Lycett followed it up with fourth place in race two, and seventh in the third and final race of the weekend.

The final race saw Lycett's only noticeable mistake all weekend, spinning his car on the opening lap and dropping to the rear of the field. His recovery, however, showed the depth of his potential.

"Race three - we didn't get a good start with lots of wheelspin and down into the first run we got overtaken by pretty much everyone," Lycett said.

"I managed to make up two places before Turn 3, then carried on around the rest of the lap catching Rob Bailey - got behind him then on the hairpin, I overtook him before the hairpin, and then went in, tapped the brake and the car spun.

"It was a comeback game, and apparently, I was only seventh tenths off the leaders' pace, so it wasn't too bad.

"I just decided to put my head down and go for it, most people would be 'oh that's it now, it's over I've spun out,' so I just put my head down and tried to catch back up with everyone.

"It's easy to catch up, but it's another thing to go and overtake a driver, it's much easier in a karting or a simulator - where you can send it down the inside without any consequences, but in a real-life car, you have to think about your decision, you have to think about it twice before you can even decide to do it."

Lycett showed impressive racecraft throughout the race weekend with some brave overtakes which brought him up to seventh place in race three, and also gained him positions in the other two races.

"A couple of overtakes put some people on the edge, pretty scary for some people, but it was safe and more about trust than it was just lunging it up the inside," Lycett said.

"It was just about showing people, if you try to do this to me, I will fight back and I'm not a pushover. It really helps me with the confidence boost, it really helps and it's what you need if you're going to be one of the top drivers."

As well as seeing out the simF1000 season, Lycett will return to the F1000 paddock for the season finale at Donington - "that should be quite good, everyone knows Donington, it's very good track, very easy to drive, very smooth and I think there will be quite a few people racing there," Lycett predicted.

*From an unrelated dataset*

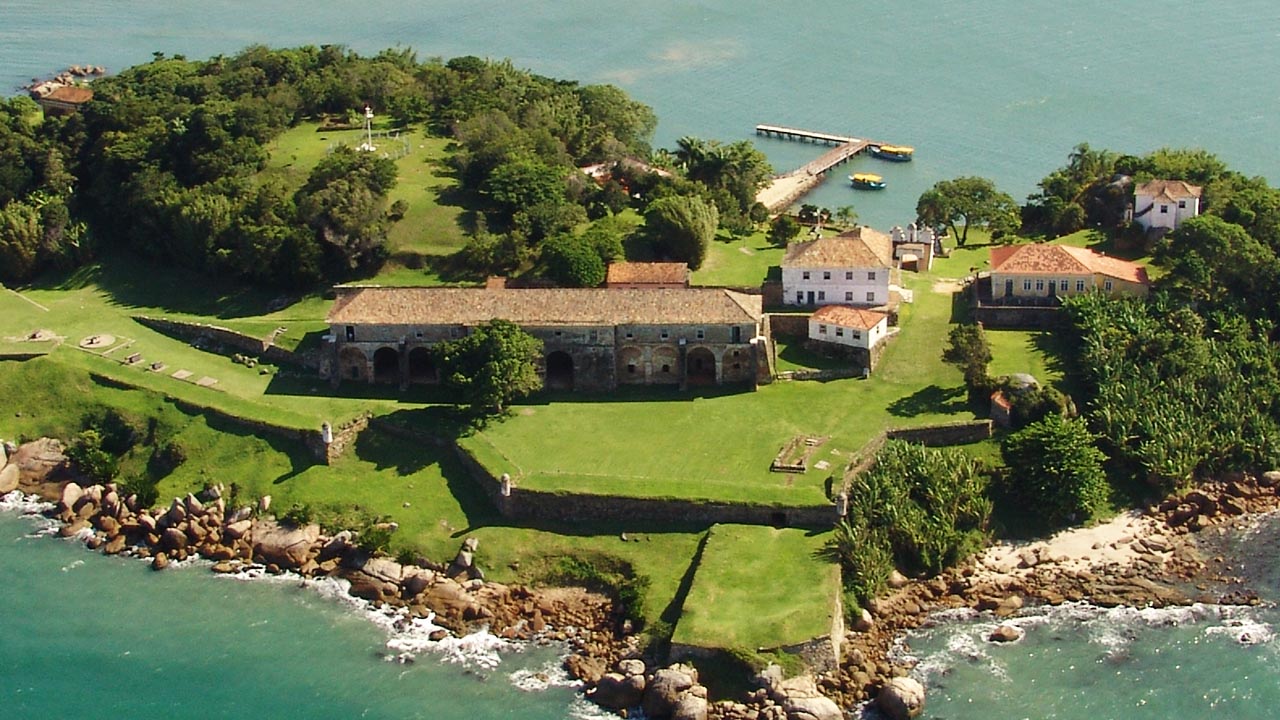 FLORIANÓPOLIS, venha conhecer à Ilha da Magia de norte a sul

Like many young drivers, Lycett's future depends on sponsors. He has a unique '2020 vision' sponsor scheme. Companies can give as little as £500 to appear on the car and overalls for a whole season - according to Lycett, the lowest price in club racing.

The participating companies have the chance to earn VIP/complimentary tickets to race weekends.

As for the future beyond Donington, Lycett plans to continue sim racing to keep his racing edge and fulfil his passion, while also exploring his real-life racing options for 2019. A full-season in F1000, Ginettas or Formula 4 is under consideration, but as he joked, he's going to "keep going until the money runs out."

A common scenario for a young racing driver, whose made an anything but-common start to car racing.